William Booth Fatos


>b>O evangelista inglês William Booth (1829-1912) fundou o Exército de Salvação, uma organização cristã internacional para o trabalho filantrópico e evangélico.<

William Booth nasceu perto de Nottingham, em 10 de abril de 1829. Quando jovem, ele foi aprendiz de penhorista, mas após uma experiência de conversão, ele começou a pregar na rua para uma capela metodista. Em 1849 ele foi para Londres, onde trabalhou como prestamista de penhores. Três anos depois, porém, tornou-se um pregador metodista de tempo integral. Em 1855 ele se casou com Catherine Mumford, uma mulher inteligente e determinada. Encorajado por ela em seus estudos teológicos, Booth foi ordenado ministro em 1858.

A teologia de Booth era simples e imutável. Ele extraiu tanto suas crenças quanto sua prática básica do modelo estabelecido por John Wesley um século antes. Seu credo não exigia nenhum aprendizado teológico sistemático. Ele sustentava que sem a aceitação pessoal de Cristo como seu Salvador, o homem pecador morreria na perdição eterna. Embora a oportunidade de aceitação fosse oferecida livremente a todos, era certo que seria ignorada pelas massas nas favelas sórdidas e pagãs das novas cidades industriais. Assim, era necessário chegar aos ignorantes, aos bêbados e aos criminosos e oferecer-lhes a chance de arrependimento.

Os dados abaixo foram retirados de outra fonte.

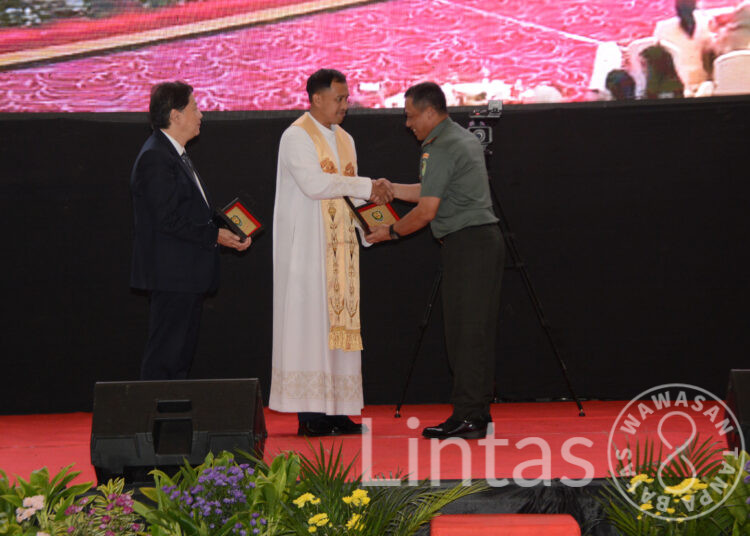 Pangdam III/Siliwangi Hadiri Perayaan Natal Bersama Kasad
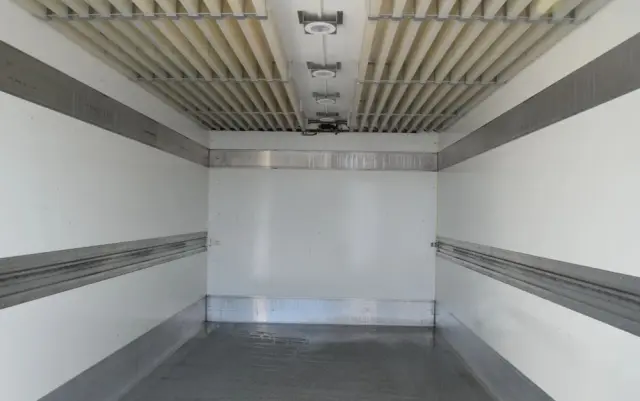 IVECO DAILY 70C18 / 3.0 - 180 KM / AUTOMAT HI-MATIC / 3 OSOBY / CHŁODNIA - MROŹNIA 4,55 M / AGREGAD FRIGOBLOCK / WINDA SORENSEN / KLIMA / TEMPOMAT / KAMERA COFANIA / REGULOWANE ZAWIESZENIE / SERWISOWANY / SPROWADZONY Z NIEMIEC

Devido por este propósito, em 1861 os estandes deixaram o metodismo e em 1865 estabeleceram a Missão Cristã no leste de Londres. Durante os 12 anos seguintes, Booth desenvolveu as técnicas evangélicas empregadas mais tarde no Exército de Salvação. Entre elas estavam o uso de bairros seculares e o alistamento de pecadores convertidos como trabalhadores. Booth não era um radical político ou social; ele só gradualmente veio a aceitar que a elevação social poderia ter que preceder a conversão. Assim, ele construiu lentamente um programa social de cozinhas de alimentos, habitação e organização comunitária. Ele escreveu, entretanto, “O Social é a isca, mas é a Salvação que é o anzol que desembarca os peixes”

A conversão da Missão Cristã para o Exército de Salvação ocorreu de certa forma acidentalmente em 1878. Booth havia anteriormente expressado seu zelo evangélico em termos militares, títulos e conceitos. Este estilo organizacional, não exclusivo de seu exército, estava em sintonia com a popularidade atual do militarismo e do imperialismo. O jornal do exército, o War Cry,, apareceu no final de 1879. Embora o exército tenha enfrentado uma hostilidade considerável durante a década de 1880, em 1890 Booth havia se tornado uma figura de renome internacional. O trabalho administrativo cotidiano do Exército de Salvação caiu cada vez mais para Bramwell Booth, o filho mais velho do General Booth e seu chefe de gabinete e sucessor.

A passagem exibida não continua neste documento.